An elaborate bureaucracy of inspectors, relief officers and overseers was set up to enforce the test. Most of them were retired naval officers well-experienced in the imposition of stringent discipline. In their correspondence these men were fond of quoting from the Bible such aphorisms as “in the sweat of thy face shalt though eat bread”, while another favourite line was from St Paul: “If any would not work, neither should he eat.”
Providing the meal allowance to the poor only once a fortnight rather than on a daily basis was designed to develop habits of prudence and saving among them. The labour books which recorded in great detail hours of work done also included comments on the perceived moral weaknesses of those in receipt of the dole. At the same time, several newspapers in the southern cities launched a series of vitriolic racist attacks on the Gaels who had for too long been dependent on the charitable generosity of industrious Lowlanders. Now, they were receiving their just deserts through the imposition of a harsh regime which would remove their moral failings once and for all.
It was an extraordinary outcome. One of the greatest philanthropic schemes in Scottish history had been subverted by a small group of ideologues who believed the Highlanders were poor through their own fault and not because of any environmental or economic constraints affecting the region where they lived.
Nor had any they any comprehension of the work cycles of a subsistence-based peasant society, so profoundly different from those of the world of industrial capitalism, or of the inherited skills needed to survive in such an inhospitable land. Predictably, this deeply flawed experiment in social engineering soon came to naught. Gaeldom did recover but only when the potato crop improved and prices for cattle and fish started to rise again. The customs and traditions of the people proved to be more resilient than the policies of those who possessed the power to interfere in their lives.
Are there any parallels between some of the Government’s welfare reforms and this dark episode in Scottish history? Readers will decide for themselves.

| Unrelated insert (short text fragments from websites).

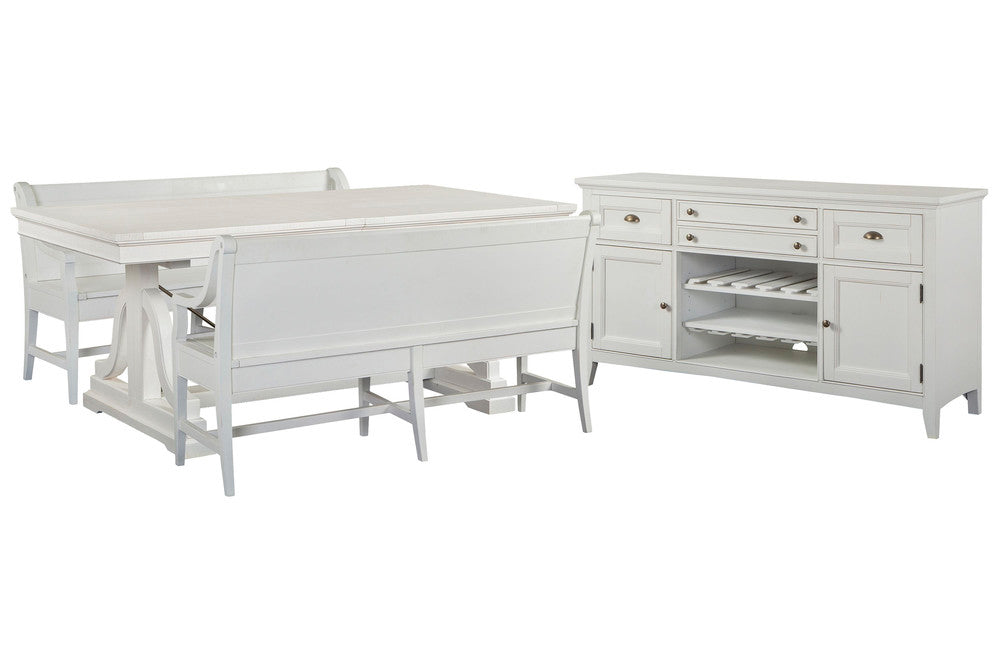 Magnussen - Heron Cove Chalk White And Dovetail Grey Extendable Trestle Dining Table With 2 Benches And Buffet - D4400-25-KIT50 view 1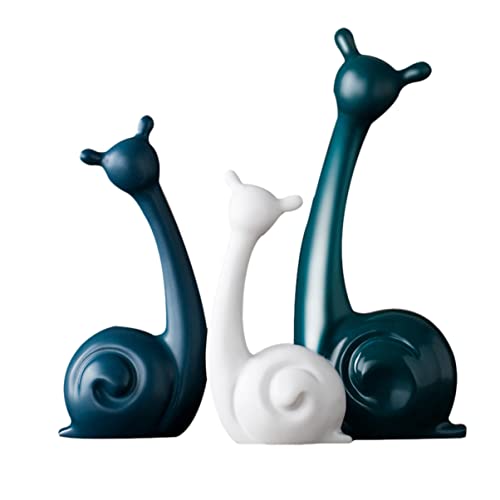 PRETYZOOM 3st Tierische Verzierungen Schreibtischaufsatz Wohnaccessoires Tiere Schnecken Figur Dekoration Büro-Schreibtisch-Ornament Schnecke Miniatur Tiere Figur Spielzeug Keramik von PRETYZOOM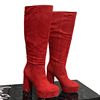 欧美ins羊反绒女高筒靴时装，款带防水台粗高跟，红色真皮靴子t台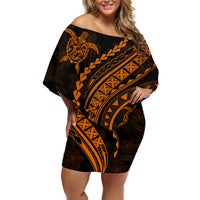 Polynesian Pride Off Shoulder Short Dress Turtle Hibiscus Luxury Style - Orange - Wonder Print Shop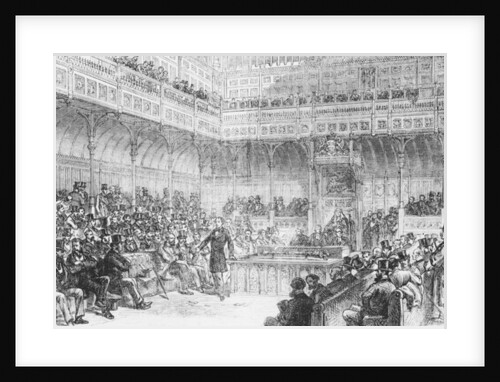 Mr Disraeli Introducing the Reform Bill in 1859 by English School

Professor Tom Devine is Scotland’s leading historian and author of numerous books including Scotland And The Union: 1707 To 2007
By Bob Holman
In 2002, Iain Duncan Smith, then leader of the Conservative Party, visited Easterhouse. People at our project, Family Action in Rogerfield & Easterhouse, were willing to show him what life was like at the hard end. He was amazed at the depth of poverty and impressed by the efforts of unemployed residents to improve local life. He wrote later: “I came away a changed man.”
His sincerity was shown when, on losing the leadership, he formed the Centre for Social Justice (CSJ). “It must not be a distant think tank,” he stated. “It will have staff who are practically involved with poor people.”
This former Thatcherite changed to become an untypical Tory. The CSJ gave awards to locally-run community groups in deprived areas and I served as one of the judges. It also had a committee to investigate asylum seekers, and its radical proposals included one which stated that all should have access to legal advice and be allowed to work. In 2005, Iain Duncan Smith drew attention to the maldistribution of assets and, when a study found that the gap between rich and poor was widening, he declared that this was frightening.
Today, Iain Duncan Smith is Minister for Work and Pensions. The Coalition Government has made it more difficult for asylum seekers to get legal aid. It has lowered housing benefit with the deliberate intent of pushing those on low incomes into inferior accommodation. IDS has gone along with these policies. He has also failed to keep his promise for legislation to ensure grants for small voluntary groups.
Now he is launching the Universal Credit. To be sure, it will make the complex welfare system more straightforward and he has pushed through his proposal that, when the unemployed move into a low-paid job, they can retain some benefits for a period. These are real achievements.
But there are two areas which seem contrary to his previous position. First, unemployed people who refuse job offers are to be compelled to do unpaid tasks like sweeping the streets and could eventually lose benefits for up to three years. This is at odds with the Iain Duncan Smith who previously showed respect for the unemployed. Children in people’s families would face abject poverty of the kind which horrified him in 2002.
Second, he no longer criticises inequality. Benefit cuts will make the poor poorer. Meanwhile, no effective action is taken against the huge tax evasion and avoidance of the rich. At the last Tory conference, VIPs were given a dinner at £400 per head with champagne costing £1500 a bottle. There were no protests from Iain Duncan Smith.
I still believe Iain Duncan Smith is a good man. But there are two Iain Duncan Smiths. There is the one who mixed regularly with people at the hard end, listened to them and gave priority to their interests.
There is the other one who certainly promotes welfare reform but also identifies closely with the very politicians he once called the governing elite.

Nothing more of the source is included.